Forse però il problema non esiste nella realtà, ma è una questione di forma, una di quelle questioni di forma tanto importanti che a lungo andare penetrano così a fondo da cambiare anche i contenuti. Proprio noi che ci esponiamo scrivendo, divulgando, cercando di rappresentare una minoranza, un’idea, dobbiamo fare attenzione a non cadere in questo controsenso.

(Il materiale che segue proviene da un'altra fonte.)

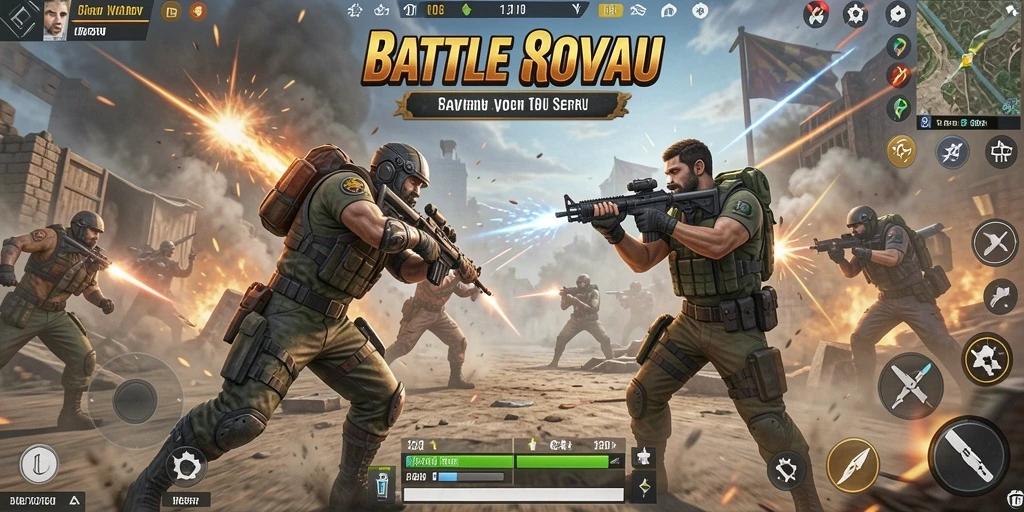 Gameplay seru V21 dalam aksi Battle Royale.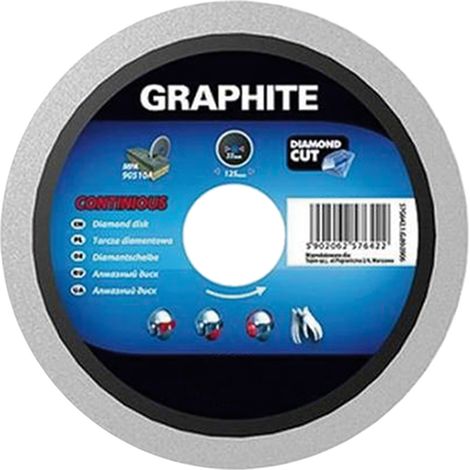 DISCO DIAMANTATO ø 180 mm - foro 22 mm  - GRAPHITE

Non possiamo permetterci di predicare bene e razzolare male, altrimenti rischiamo di vanificare ogni nostro sforzo.
Io sono convinto che essere definito “autistico” mi rappresenti in quanto l’autismo è parte di me, non credo che determinate caratteristiche possano essere eliminate e non vedo perché dovrebbero, dal momento che in qualche modo io sono la persona che sono anche grazie a esse, nel bene e nel male. Essere definito autistico, e non “persona con autismo”, significa per me che quelle differenze che mi contraddistinguono dalla maggioranza sono appunto delle differenze alla quali non associo alcun giudizio morale o di valore: i miei sensi sono “differenti”, non deficitari; la mia modalità sociale e comunicativa è “differente”, non difettosa.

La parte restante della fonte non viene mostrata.